Ever since I was little (old enough) I always had this idea about an invention that would revolutionize relationships. I was one of those dreamers, I suppose. I always wanted a watch that did more than tell time. I wanted a watch that would tell me whether a girl liked me or not. You're probably laughing but I'm serious. I don't know how long this unrealistic idea has been floating around in my large, optimistic head. Basically the way I imagined it was that the watch would have a list of girls at school. And with its magical heart powers, it would go down the list and with each girl display a little "yes" or "no" next to the names.

Sometimes it scared me to think about the lack of "yes"'s there would be, but I tried not to tread in that area.

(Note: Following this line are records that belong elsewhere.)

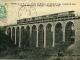 Le Viaduc des Pourris, 92 mètres de long, 16 mètres de haut - Ligne Saint-Brieuc à Plouha - Passage du Train (carte postale de 1907)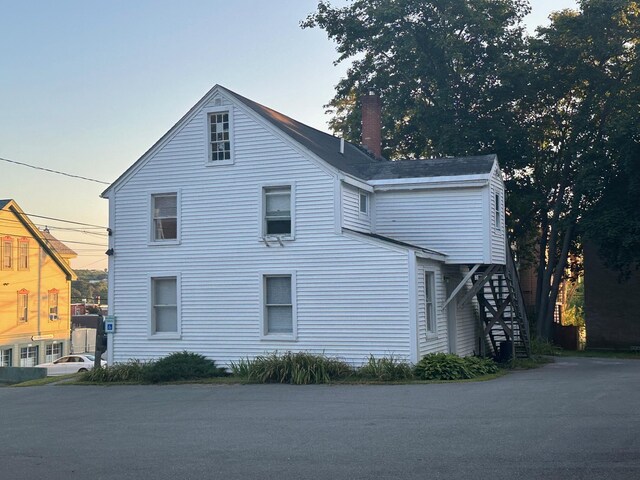 view of property exterior at dusk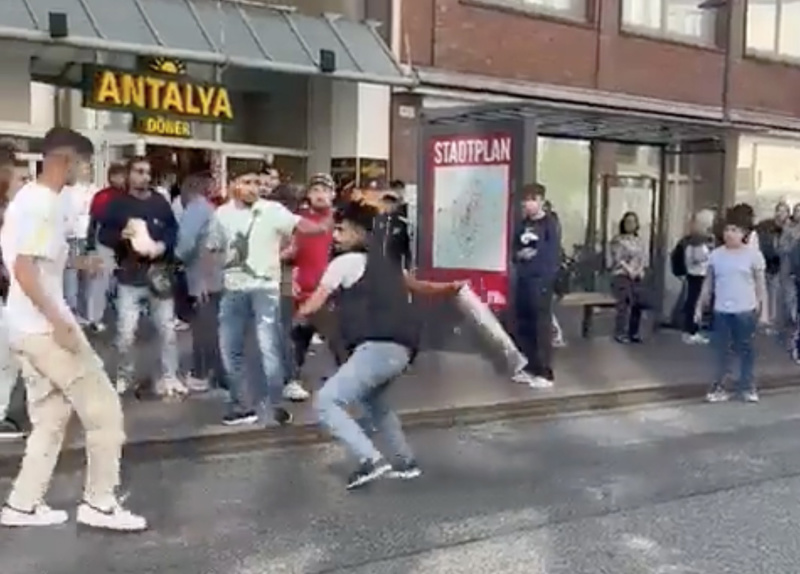 Mit einem Mülleimer bewaffnet, schlägt der Mann mit Weste auf einen weiteren ein.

I guess I can kind of relate it to those cheesy compatibility tests we have at school sometimes. How we get an actual percentage of how compatible we are with a girl. I mean sometimes I would imagine the watch having a list of girls that liked me. I used to chide myself for being so weird, but now I think I had the right idea back then.

I think building this watch would be easier than going out on a limb and asking a girl out. I can't believe how much I wish I had this watch, so I can evade all the torture of being unsure and not doing anything.

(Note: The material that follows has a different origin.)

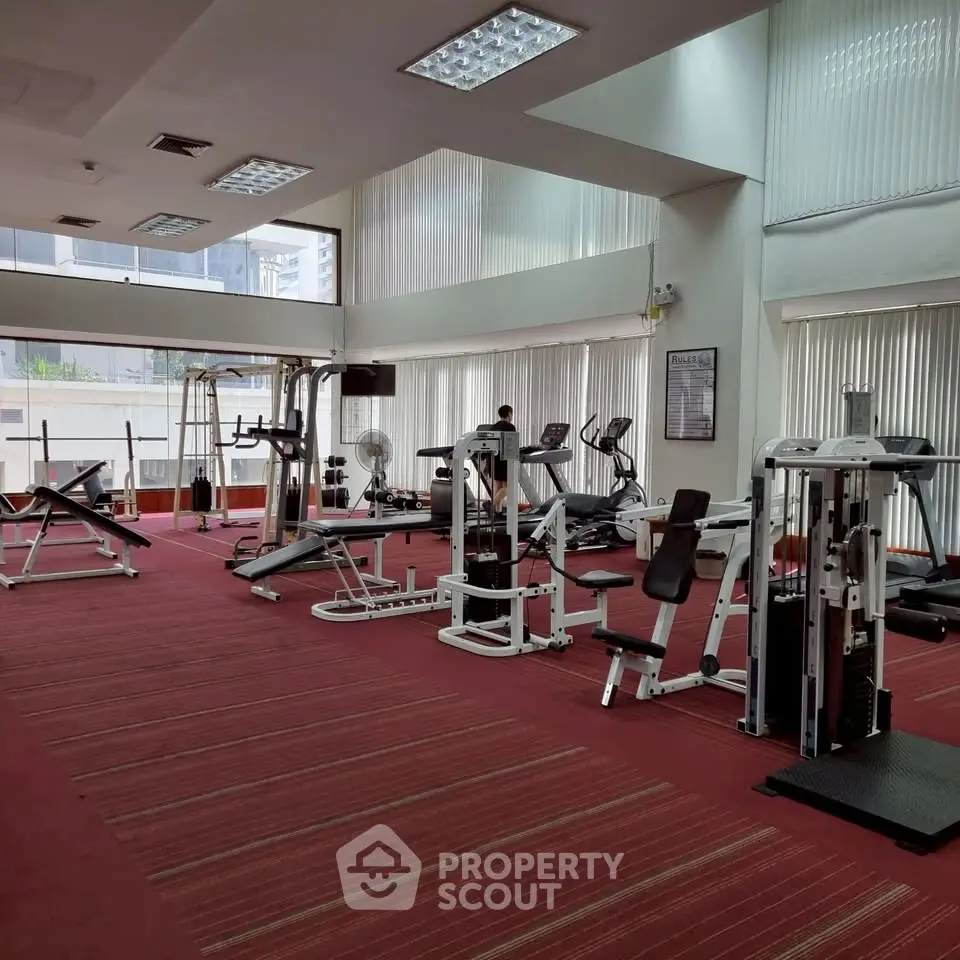Spacious gym with modern fitness equipment and large windows in a residential building.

And I wished the watch would have a cool alarm tone.

-Lin


----------



## TimK (Mar 4, 2004)

Hi, Lin. It's an interesting concept.

I had to read it twice before I got any idea of what your point is. I believe the point is that you're afraid even to talk to a woman. If you were to do so, I think you'd find signals everywhere, plainly visible. (I remember the first time a made a girl blush by saying something nice to her. I didn't ask her out. I didn't even try to get her phone number. I was an idiot.) If you don't know how to talk to a woman, maybe you wish there was some user manual on the subject. (Try Dale Carnegie's classic _How to Win Friends and Influence People_.) These are just some ideas on how you could supplement the piece to make it clearer what the problem is.

I like the first line. (Even though I don't agree that you're weird.  ) It's a great first line.

'Ever since I was little (old enough)...' Maybe instead: _since I was an adolescent_? Or _a teen_?

I also felt let down that you didn't come up at least with a plan to overcome the obstacle you face. Even if you gave up on the plan, accepting failure and misery, that would be something, some resolution to the conflict you've set up.

-TimK


----------